Simulated Author's Rebuttal

0 responses · 0 unresolved

We thank the referee for their detailed and positive summary of our manuscript, as well as for the recognition of its contributions to the structural characterisation of trust-region radius updates, the verification across mechanism classes, and the extensions of prior frameworks. We appreciate the recommendation for minor revision. No major comments were provided in the report, so we have no points requiring response or revision at this time.

Circularity Check

0 steps flagged

No significant circularity; derivations are self-contained

full rationale

The paper isolates three explicit structural conditions on radius updates, defines weak/strong admissibility directly from them, and derives lim ||∇f||=0 and O(ε^{-2}) complexity from those conditions plus standard bounded/linear-growth Hessian assumptions. Verification for the five mechanism classes consists of direct substitution into the conditions. Cited prior frameworks (Curtis-Scheinberg 2020, Wang-Yuan 2022) are by non-overlapping authors and are extended rather than used as load-bearing self-justification. No equation reduces to a fitted parameter renamed as prediction, no self-definition of the target result, and no uniqueness theorem imported from the authors' own prior work.
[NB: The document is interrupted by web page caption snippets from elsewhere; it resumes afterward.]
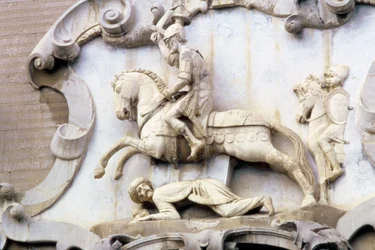 Detail eines Portals, das Graf Roger (1031-1101) zeigt, wie er einen Muslim angreift, 1534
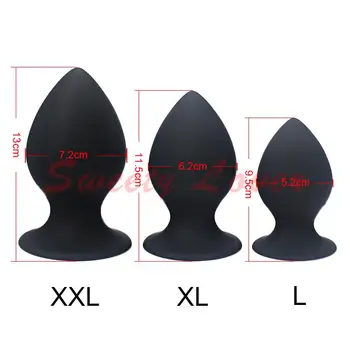7.2/6.2/5.2cm Diameter Super Big Size Silicone Anal Plug Sex Toys for Men Woman Gay Huge Large Butt Plug Anal Sex Toy Rose/Black 2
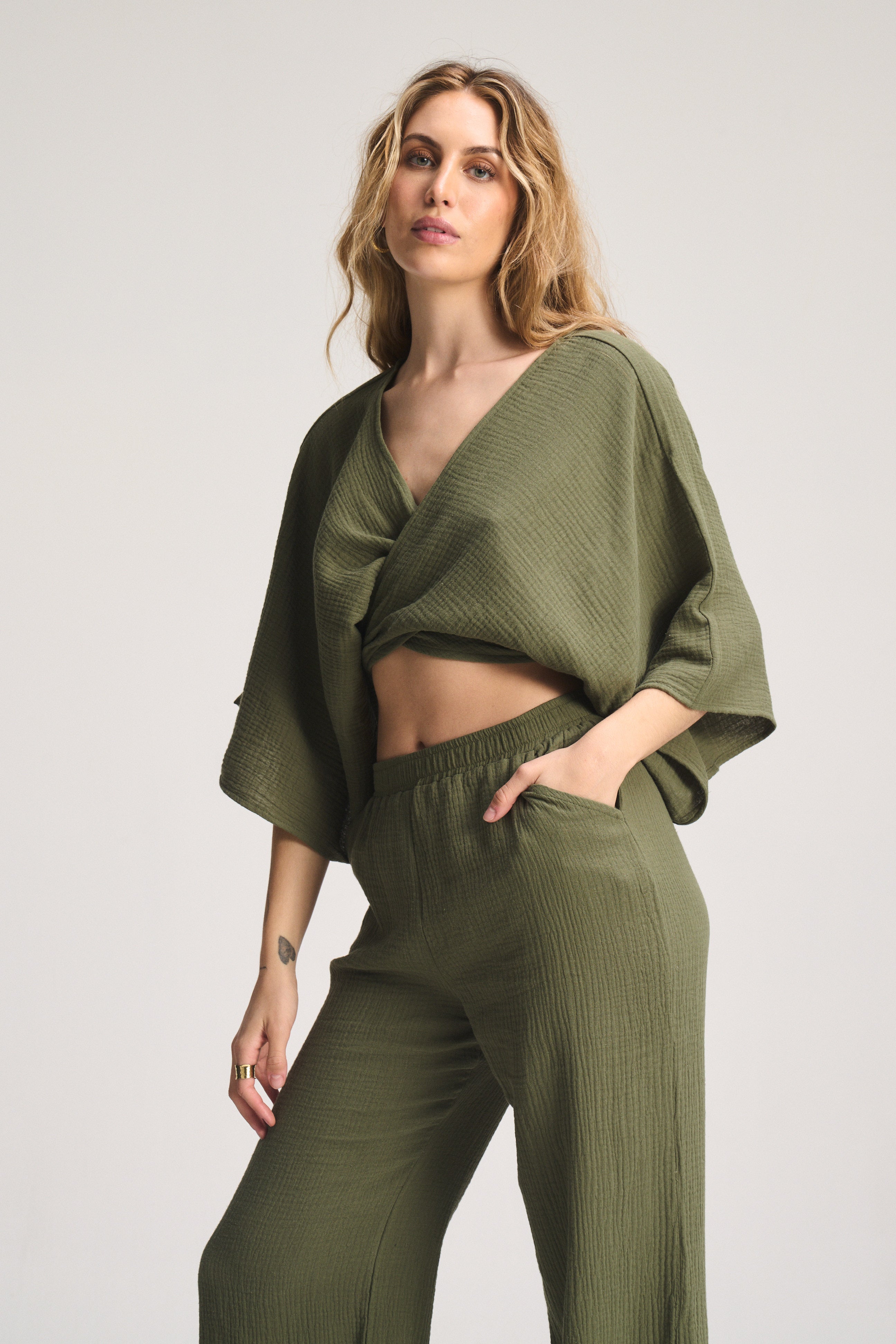 Kaia Wide Leg Pants - Olive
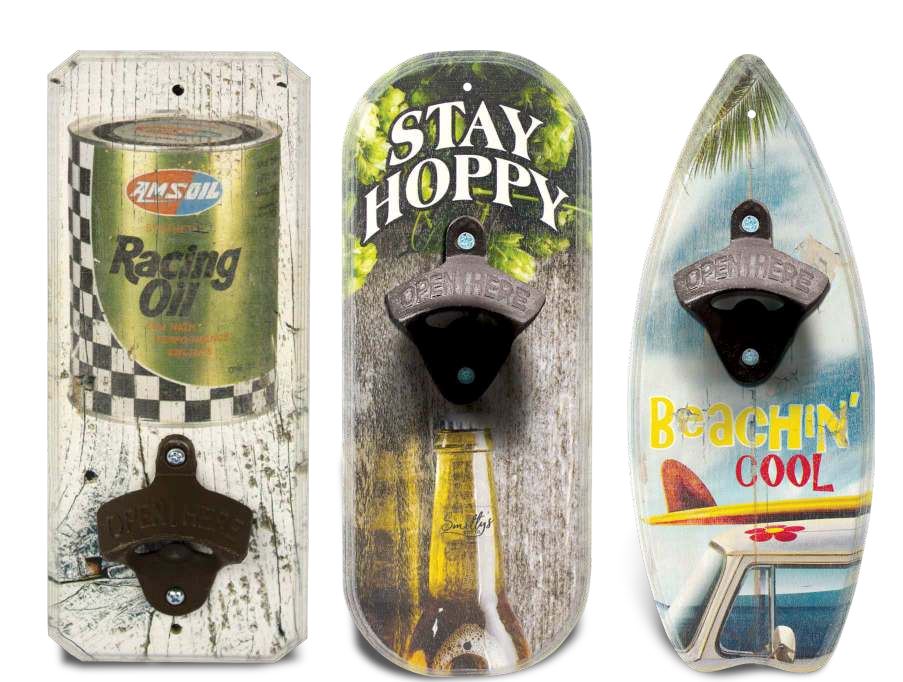 Custom Bottle Openers W0410 4"x10" Wood Base Custom Product Steel City Tap 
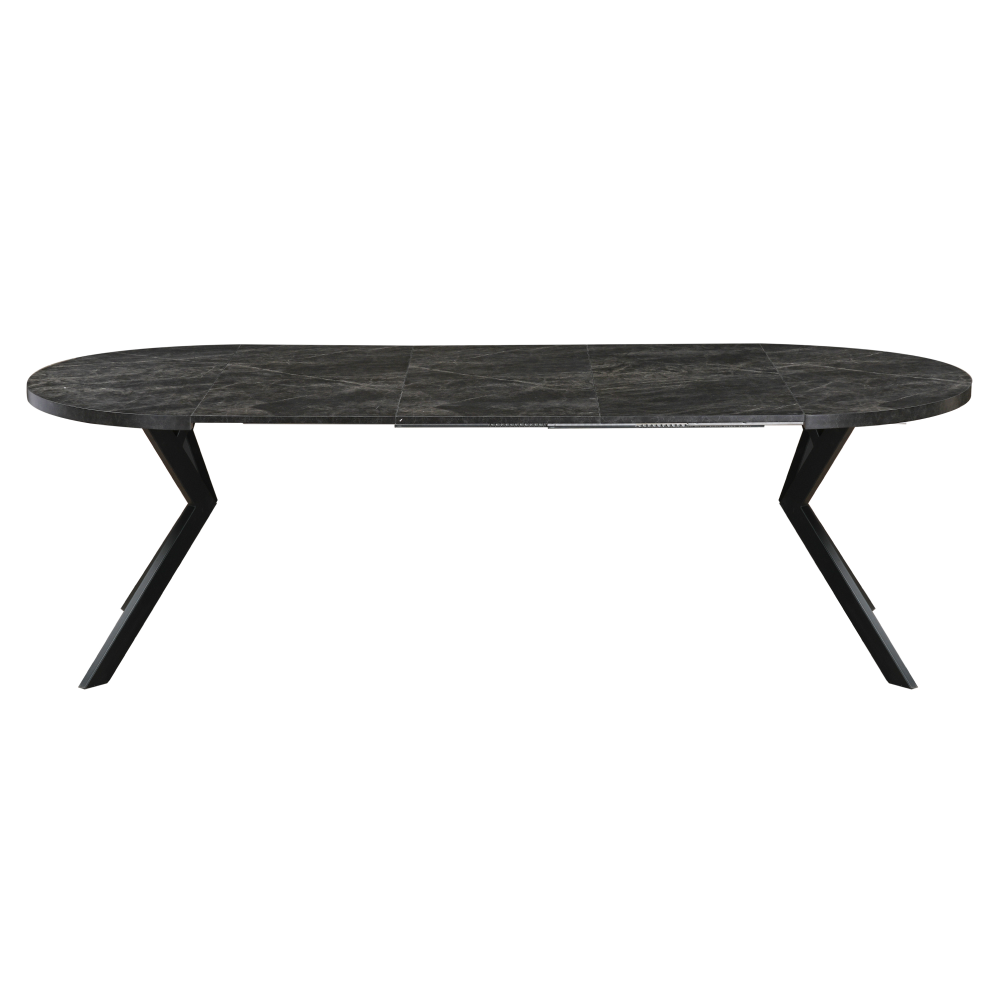 Masă de sufragerie extensibilă, beton închis/negru, 100-250x75,5 cm, LUKOS Kondela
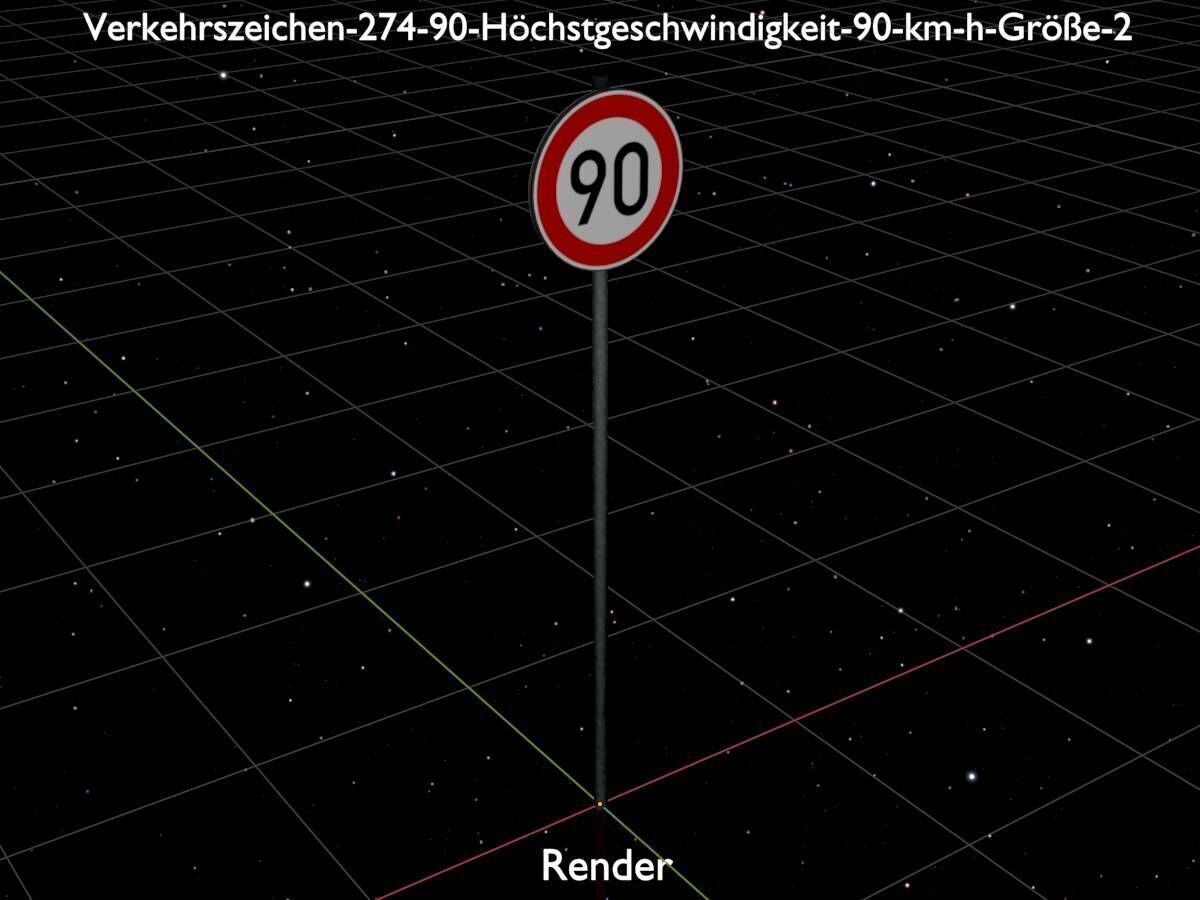 Traffic sign 274-90 Speed limit 90 km h Size-2 Low-poly 3D model_20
Axiom & Free-Parameter Ledger

0 free parameters · 2 axioms · 0 invented entities

The analysis relies on standard domain assumptions from smooth optimization theory; no free parameters are fitted and no new entities are postulated.

axioms (2)
  • domain assumption The objective function f is continuously differentiable (smooth).
    Required for first-order stationarity analysis and gradient-norm lower bounds.
  • domain assumption Model Hessians are uniformly bounded or grow linearly with iteration index.
    Invoked explicitly to obtain the stated convergence and complexity results under weak and strong admissibility.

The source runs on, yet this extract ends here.